Lo que se roban unos, lo pagamos otros: La Trampa Fiscal
El país asistió el pasado 1 de abril a un espectáculo lamentable: la "rabieta" del ministro de Hacienda, Germán Ávila Vaca, al retirarse de la Junta Directiva del Banco de la República. Sin embargo, tras este desplante institucional se esconde una estrategia que el Gobierno no ha revelado con franqueza.
Por: David Cohen Rosales Profesor Emérito, Universidad Externado de Colombia
No se trata solo de una discrepancia técnica sobre las tasas de interés; estamos ante una trampa fiscal diseñada para que los ciudadanos y la academia asuman el costo del desfalco en la Unidad Nacional para la Gestión del Riesgo de Desastres (UNGRD).
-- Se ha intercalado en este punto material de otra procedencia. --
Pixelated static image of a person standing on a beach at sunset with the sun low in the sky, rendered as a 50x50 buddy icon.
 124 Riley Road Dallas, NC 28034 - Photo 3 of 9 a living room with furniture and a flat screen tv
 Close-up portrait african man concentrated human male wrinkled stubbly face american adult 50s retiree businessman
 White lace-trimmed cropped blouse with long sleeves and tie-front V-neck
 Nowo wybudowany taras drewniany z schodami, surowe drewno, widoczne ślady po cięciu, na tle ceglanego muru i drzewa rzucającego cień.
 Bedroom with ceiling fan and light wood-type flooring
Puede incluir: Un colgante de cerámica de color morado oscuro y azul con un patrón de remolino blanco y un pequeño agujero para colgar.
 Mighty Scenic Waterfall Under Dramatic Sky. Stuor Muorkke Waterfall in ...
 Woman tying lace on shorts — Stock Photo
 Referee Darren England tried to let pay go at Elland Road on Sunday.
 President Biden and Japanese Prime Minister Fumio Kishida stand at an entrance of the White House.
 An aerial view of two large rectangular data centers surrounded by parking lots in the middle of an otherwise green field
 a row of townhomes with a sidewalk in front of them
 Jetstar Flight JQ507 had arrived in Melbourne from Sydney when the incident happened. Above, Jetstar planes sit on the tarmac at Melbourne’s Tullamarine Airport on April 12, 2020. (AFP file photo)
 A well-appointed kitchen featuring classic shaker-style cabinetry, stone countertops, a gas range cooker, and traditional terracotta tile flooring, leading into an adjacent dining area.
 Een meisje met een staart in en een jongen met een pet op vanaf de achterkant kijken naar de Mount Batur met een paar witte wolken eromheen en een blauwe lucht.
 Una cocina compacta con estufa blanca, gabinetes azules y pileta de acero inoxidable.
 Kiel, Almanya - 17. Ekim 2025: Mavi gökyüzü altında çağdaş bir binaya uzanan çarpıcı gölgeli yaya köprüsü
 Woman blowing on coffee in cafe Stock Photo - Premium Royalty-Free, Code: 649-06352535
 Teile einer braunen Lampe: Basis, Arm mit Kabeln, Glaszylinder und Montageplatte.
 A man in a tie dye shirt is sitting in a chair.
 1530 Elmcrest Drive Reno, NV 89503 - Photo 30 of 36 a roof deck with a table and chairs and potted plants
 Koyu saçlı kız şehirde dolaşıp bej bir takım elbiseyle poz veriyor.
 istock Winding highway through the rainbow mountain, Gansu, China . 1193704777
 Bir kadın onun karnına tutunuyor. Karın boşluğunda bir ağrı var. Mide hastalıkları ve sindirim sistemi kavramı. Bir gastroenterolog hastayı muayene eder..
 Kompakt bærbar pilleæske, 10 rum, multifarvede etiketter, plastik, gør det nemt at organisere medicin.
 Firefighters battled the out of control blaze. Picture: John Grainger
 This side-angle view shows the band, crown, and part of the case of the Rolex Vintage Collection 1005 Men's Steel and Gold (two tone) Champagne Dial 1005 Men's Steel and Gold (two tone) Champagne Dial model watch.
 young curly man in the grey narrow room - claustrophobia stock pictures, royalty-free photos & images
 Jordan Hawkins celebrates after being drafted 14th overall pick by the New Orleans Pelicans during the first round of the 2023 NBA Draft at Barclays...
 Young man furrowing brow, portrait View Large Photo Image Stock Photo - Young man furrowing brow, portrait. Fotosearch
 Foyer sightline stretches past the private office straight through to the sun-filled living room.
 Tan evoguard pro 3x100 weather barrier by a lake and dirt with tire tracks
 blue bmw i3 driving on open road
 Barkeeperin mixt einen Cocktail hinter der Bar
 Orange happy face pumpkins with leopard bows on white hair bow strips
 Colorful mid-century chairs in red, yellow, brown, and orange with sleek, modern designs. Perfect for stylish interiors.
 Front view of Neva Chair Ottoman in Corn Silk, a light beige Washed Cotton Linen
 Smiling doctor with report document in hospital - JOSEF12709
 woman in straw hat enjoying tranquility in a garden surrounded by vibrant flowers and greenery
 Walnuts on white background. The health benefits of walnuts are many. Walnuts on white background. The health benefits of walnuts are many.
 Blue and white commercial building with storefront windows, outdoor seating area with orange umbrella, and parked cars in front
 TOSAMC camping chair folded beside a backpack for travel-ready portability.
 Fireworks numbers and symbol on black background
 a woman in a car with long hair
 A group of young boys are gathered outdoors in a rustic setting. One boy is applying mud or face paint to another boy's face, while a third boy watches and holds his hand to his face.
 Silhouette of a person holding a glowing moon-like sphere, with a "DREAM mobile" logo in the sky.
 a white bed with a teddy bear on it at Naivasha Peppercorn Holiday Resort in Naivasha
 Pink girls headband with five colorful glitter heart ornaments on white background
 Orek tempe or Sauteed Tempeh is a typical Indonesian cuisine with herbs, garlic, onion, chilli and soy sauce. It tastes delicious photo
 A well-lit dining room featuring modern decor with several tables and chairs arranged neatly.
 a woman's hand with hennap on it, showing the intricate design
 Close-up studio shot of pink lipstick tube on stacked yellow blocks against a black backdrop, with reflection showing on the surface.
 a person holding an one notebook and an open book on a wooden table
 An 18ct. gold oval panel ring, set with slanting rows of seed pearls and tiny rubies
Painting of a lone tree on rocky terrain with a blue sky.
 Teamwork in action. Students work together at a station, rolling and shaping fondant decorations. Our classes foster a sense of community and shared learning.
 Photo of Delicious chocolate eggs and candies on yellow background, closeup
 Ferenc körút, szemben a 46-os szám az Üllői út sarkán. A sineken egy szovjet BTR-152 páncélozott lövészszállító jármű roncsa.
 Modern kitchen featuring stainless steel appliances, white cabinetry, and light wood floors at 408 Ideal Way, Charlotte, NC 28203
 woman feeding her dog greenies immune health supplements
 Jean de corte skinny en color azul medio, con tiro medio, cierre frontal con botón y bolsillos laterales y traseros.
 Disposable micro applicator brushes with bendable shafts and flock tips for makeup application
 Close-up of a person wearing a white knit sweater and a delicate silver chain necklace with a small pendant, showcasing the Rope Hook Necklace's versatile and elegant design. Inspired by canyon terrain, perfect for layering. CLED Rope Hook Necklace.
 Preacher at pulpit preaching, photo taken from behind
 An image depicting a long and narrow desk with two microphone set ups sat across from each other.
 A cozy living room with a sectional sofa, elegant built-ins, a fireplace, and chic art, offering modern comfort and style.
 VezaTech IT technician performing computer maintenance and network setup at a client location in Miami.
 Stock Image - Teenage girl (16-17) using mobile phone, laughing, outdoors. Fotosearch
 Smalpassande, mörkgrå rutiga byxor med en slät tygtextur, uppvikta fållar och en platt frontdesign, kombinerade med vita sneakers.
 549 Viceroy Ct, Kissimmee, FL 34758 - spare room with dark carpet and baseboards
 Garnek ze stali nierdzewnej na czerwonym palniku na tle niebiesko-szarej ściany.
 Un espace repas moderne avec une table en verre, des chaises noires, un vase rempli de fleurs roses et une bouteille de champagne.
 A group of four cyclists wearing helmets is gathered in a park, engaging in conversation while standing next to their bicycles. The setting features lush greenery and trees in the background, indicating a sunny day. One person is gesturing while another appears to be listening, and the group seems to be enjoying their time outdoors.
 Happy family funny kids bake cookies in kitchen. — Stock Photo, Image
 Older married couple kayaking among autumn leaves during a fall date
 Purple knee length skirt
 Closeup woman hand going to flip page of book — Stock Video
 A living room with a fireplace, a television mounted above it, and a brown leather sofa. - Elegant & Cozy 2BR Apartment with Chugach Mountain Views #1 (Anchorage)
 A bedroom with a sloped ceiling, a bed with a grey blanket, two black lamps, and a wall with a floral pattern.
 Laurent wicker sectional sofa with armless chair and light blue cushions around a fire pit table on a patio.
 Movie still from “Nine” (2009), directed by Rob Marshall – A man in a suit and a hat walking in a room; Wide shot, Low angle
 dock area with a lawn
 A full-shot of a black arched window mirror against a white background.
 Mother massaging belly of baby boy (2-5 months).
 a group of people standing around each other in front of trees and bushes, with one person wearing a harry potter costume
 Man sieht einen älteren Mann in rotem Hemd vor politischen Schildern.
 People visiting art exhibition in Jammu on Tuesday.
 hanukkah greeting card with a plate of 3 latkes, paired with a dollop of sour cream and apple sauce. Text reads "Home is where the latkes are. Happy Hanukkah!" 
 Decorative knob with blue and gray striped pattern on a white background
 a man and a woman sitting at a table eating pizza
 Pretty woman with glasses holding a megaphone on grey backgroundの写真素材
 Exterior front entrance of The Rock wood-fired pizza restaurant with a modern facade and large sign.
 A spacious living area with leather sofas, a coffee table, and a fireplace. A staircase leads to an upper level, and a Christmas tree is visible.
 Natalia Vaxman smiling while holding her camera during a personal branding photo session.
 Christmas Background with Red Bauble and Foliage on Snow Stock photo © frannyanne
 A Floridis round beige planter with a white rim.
En pocas palabras: el pueblo paga lo que otros devoraron.
La Aritmética del Engaño
Mientras el Ejecutivo presiona por reducir las tasas para «reactivar la economía», lo que realmente persigue es un flujo de caja desesperado. El boquete dejado por el robo en la UNGRD, estimado en $1,2 billones de pesos, no se cubrirá con austeridad estatal, sino con dos fuentes de recaudo que el Gobierno presenta como «necesarias», pero que constituyen el pago directo de la corrupción:
- El IVA de las «Compras Nuevas»: Al oponerse al rigor monetario del Emisor, el Ministerio busca fomentar un consumo artificial apalancado en el crédito. Cada compra adicional que un colombiano realiza con su tarjeta genera un IVA marginal. Ese impuesto «nuevo», derivado de una demanda recalentada, es el que entra a subsanar el incendio financiero provocado por los carrotanques y los contratos direccionados.
- El Zarpazo al Patrimonio Educativo: Bajo el Decreto 0173 de 2026, se ha decidido descapitalizar a las Instituciones de Educación Superior (IES). Universidades como el Externado de Colombia o la Javeriana deberán entregar miles de millones de su patrimonio líquido. Es la transferencia de recursos destinados a la formación del futuro hacia el saneamiento de un pasado corrupto.
Cuadro de Financiación
La siguiente tabla muestra cómo el sacrificio de los sectores productivos y educativos cuadra, peso a peso, la cuenta del desfalco:
| Rubro de Financiación | Valor ($ Billones) |
| (A) Desfalco UNGRD (Valor robado) | 1,200 |
| (B) Impuesto al Patrimonio (Universidades/Fundaciones) | 0,135 |
| (C) IVA de Compras Nuevas (Por omisión de rigor monetario)* | 1,065 |
| D = (A – B – C) Valor NO Financiado | 0,000 |
Resultado: El valor no financiado es cero. Lo que se malversó en la UNGRD lo sufragan las universidades con su capital y los hogares con el IVA de sus nuevas deudas.
La Verdad Oculta
El Gobierno miente al país. Nos habla de «justicia social» —o del que llaman «cambio histórico» y yo denominaría mentira histórica— mientras extrae recursos de instituciones que otorgan becas y formación de calidad. Nos habla de «reactivación» mientras induce a un consumo que genera inflación, ese impuesto silencioso que termina empobreciendo a los más vulnerables.
La molestia del ministro no fue por la autonomía del Banco; fue porque el alza de tasas al 11,25% le cierra la llave del grifo del IVA marginal y le descuadra las cuentas. Debemos prepararnos para cualquier otro «invento» o ligereza fiscal que intente ocultar el vacío financiero que la corrupción administrativa le heredó al país.
Conclusión
Como economistas, no podemos permitir que la narrativa política disfrace la realidad contable. El desfalco de la UNGRD es una herida abierta en el presupuesto nacional que está siendo «curada» con el esfuerzo de los ahorradores y el patrimonio de la academia. Al final del día, la premisa es dolorosamente simple: lo que se roban unos pocos, lo terminamos pagando todos los demás. No es política, es aritmética de la miseria.
Con este escrito no pretendo sugerir a nadie que vote por el candidato A, B o C; solo digo: «El que entendió, entendió».
*Nota técnica: Las cifras de recaudo por IVA marginal se basan en una proyección de consumo incremental de $5,6 billones anuales, necesarios para generar el recaudo compensatorio tras el impacto del impuesto al patrimonio a las IES.